I’m a little confused about the difference between steps and iterations.

I’m training a large model on a big dataset, and I want to arbitrarily define an epoch as training on 2048 batches. This will allow me to get frequent checkpoints that I can test.

I wrote this code to achieve that:

checkpoint_callback = pl.callbacks.ModelCheckpoint(

trainer = pl.Trainer(limit_train_batches=2048,  
                     precision=16), train_dataloaders=train_loader.loader, val_dataloaders=val_loader.loader)

The dataloader uses a batch size of 768, so 2048 * 768 ~= 1.5M images. I estimated this would take 3 hours to train 1 epoch.

However, the progress bar was counting iterations and the epoch went on for a very long time (~9 hours). In the end it completed 23871 iterations before ending the epoch. The next epoch had a different number of iterations (31K)!

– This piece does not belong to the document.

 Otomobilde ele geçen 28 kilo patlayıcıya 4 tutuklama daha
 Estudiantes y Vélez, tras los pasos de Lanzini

When I view the checkpoint the filename says steps=2048. But I can’t see any logical pattern between steps and iterations.

If someone could explain the difference and why I’m seeing this behaviour I would be really grateful.

In case anyone comes across this the issue appeared to be that there was no limit_val_batches passed to the trainer, and our validation dataset was huge.

Our code spent more time evaluating than training.

Once I added limit_val_batches=64 then the steps issue was resolved.